[Start of section]
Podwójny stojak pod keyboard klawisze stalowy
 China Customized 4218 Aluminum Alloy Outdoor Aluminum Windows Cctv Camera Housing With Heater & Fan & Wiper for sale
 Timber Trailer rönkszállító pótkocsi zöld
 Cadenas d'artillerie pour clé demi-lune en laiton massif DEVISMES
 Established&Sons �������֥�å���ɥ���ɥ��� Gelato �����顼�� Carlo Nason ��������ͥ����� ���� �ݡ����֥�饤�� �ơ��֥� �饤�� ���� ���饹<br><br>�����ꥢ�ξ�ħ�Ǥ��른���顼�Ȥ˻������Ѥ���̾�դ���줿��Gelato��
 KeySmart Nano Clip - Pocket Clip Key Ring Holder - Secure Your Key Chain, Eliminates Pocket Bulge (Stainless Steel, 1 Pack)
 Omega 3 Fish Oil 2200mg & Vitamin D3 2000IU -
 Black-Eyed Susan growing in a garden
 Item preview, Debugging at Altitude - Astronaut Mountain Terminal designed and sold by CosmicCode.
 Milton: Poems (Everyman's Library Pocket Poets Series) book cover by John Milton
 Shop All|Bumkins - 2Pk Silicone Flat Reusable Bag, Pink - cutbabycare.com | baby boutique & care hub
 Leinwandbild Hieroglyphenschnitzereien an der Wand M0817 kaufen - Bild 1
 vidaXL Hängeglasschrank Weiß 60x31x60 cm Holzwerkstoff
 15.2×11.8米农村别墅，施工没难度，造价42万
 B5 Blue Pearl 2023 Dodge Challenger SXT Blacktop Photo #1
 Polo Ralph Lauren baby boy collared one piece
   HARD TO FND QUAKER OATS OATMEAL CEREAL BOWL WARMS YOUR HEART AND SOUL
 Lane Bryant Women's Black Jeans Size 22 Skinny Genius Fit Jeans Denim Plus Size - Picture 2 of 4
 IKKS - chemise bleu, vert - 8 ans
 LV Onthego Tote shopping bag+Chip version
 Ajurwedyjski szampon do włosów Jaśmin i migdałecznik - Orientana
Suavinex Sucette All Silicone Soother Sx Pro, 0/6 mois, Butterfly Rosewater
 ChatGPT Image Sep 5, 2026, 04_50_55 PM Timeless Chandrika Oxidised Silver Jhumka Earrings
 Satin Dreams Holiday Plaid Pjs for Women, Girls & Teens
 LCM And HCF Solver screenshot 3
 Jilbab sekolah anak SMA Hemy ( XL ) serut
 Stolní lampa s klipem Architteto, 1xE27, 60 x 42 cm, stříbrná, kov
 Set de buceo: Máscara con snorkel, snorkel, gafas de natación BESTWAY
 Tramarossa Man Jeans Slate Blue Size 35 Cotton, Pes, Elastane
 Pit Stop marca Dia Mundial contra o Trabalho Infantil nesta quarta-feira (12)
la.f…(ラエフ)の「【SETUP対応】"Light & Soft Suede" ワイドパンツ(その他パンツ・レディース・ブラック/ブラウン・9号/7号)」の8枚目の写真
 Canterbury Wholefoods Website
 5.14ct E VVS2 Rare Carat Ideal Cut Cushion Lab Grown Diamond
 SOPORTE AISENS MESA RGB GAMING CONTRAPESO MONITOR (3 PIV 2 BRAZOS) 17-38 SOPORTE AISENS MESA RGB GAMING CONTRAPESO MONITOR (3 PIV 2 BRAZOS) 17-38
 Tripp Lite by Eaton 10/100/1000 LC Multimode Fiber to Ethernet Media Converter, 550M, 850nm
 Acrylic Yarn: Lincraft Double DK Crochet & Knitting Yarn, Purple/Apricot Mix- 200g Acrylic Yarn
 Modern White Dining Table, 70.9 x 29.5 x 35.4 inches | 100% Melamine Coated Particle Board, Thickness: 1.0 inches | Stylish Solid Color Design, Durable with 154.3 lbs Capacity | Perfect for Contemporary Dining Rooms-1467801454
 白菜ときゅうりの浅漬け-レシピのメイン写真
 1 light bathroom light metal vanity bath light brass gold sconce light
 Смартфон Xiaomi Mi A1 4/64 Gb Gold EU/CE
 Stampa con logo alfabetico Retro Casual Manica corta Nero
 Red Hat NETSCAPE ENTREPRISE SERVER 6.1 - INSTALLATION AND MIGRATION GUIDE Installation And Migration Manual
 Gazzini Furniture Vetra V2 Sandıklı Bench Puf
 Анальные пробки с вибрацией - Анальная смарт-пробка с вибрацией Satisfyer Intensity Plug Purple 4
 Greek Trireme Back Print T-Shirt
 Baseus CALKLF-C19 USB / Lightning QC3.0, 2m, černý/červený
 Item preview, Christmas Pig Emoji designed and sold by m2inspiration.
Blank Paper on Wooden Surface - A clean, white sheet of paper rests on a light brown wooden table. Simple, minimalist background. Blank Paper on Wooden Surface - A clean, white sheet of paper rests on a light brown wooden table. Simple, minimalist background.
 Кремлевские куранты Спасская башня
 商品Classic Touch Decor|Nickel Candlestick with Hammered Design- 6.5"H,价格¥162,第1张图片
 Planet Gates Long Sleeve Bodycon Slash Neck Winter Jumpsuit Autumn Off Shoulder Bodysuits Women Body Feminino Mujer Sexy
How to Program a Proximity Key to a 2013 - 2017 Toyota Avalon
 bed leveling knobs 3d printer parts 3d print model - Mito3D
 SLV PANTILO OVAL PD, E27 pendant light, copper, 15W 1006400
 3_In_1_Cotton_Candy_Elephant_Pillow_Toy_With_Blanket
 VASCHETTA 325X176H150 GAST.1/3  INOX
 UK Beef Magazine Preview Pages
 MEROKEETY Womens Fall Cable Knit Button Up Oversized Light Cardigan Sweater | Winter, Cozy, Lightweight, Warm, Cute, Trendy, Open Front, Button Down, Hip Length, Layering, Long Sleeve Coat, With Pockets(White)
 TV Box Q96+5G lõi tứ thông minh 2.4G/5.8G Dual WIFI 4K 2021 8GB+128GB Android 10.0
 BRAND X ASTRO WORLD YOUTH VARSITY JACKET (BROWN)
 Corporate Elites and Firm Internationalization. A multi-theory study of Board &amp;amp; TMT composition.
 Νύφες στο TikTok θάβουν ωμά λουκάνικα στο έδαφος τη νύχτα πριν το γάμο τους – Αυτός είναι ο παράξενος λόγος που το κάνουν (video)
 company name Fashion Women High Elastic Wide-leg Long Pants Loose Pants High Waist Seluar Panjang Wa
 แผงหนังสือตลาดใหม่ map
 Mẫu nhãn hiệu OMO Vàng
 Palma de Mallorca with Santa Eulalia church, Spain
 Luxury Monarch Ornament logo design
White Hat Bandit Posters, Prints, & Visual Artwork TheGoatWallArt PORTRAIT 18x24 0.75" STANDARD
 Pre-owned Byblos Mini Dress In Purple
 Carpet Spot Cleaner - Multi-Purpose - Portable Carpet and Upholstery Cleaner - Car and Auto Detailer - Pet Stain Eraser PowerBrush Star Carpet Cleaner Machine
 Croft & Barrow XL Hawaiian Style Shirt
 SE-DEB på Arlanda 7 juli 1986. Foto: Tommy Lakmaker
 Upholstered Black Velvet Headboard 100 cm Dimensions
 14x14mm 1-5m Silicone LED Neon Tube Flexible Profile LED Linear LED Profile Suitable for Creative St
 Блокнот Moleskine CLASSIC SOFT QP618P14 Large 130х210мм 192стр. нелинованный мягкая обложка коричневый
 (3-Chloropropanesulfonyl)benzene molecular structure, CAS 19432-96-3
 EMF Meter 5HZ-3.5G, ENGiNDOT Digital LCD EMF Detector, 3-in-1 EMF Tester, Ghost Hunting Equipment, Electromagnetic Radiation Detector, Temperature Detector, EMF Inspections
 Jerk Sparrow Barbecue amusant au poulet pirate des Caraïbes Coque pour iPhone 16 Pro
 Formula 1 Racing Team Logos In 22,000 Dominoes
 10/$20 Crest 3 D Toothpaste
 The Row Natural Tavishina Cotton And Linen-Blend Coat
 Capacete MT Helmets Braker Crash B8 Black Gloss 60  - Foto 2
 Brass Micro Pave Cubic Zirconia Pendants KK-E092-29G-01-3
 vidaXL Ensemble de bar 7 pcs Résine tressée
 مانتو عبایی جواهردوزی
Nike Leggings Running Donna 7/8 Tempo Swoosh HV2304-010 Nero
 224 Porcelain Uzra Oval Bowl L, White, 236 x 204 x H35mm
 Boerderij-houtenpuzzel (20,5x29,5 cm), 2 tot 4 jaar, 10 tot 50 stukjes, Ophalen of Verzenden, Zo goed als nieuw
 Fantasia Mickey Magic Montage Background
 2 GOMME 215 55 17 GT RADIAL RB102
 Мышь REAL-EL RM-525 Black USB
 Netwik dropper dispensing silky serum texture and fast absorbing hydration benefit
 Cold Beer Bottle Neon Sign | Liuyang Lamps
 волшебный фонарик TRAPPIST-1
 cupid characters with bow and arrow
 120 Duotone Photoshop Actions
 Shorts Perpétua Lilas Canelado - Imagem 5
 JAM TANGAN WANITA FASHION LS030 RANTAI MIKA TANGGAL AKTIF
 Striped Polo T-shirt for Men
[End of section]
● Task instructions
If a line in the material holds "Purple", copy it.

● Response area
 Acrylic Yarn: Lincraft Double DK Crochet & Knitting Yarn, Purple/Apricot Mix- 200g Acrylic Yarn
 Анальные пробки с вибрацией - Анальная смарт-пробка с вибрацией Satisfyer Intensity Plug Purple 4
 Pre-owned Byblos Mini Dress In Purple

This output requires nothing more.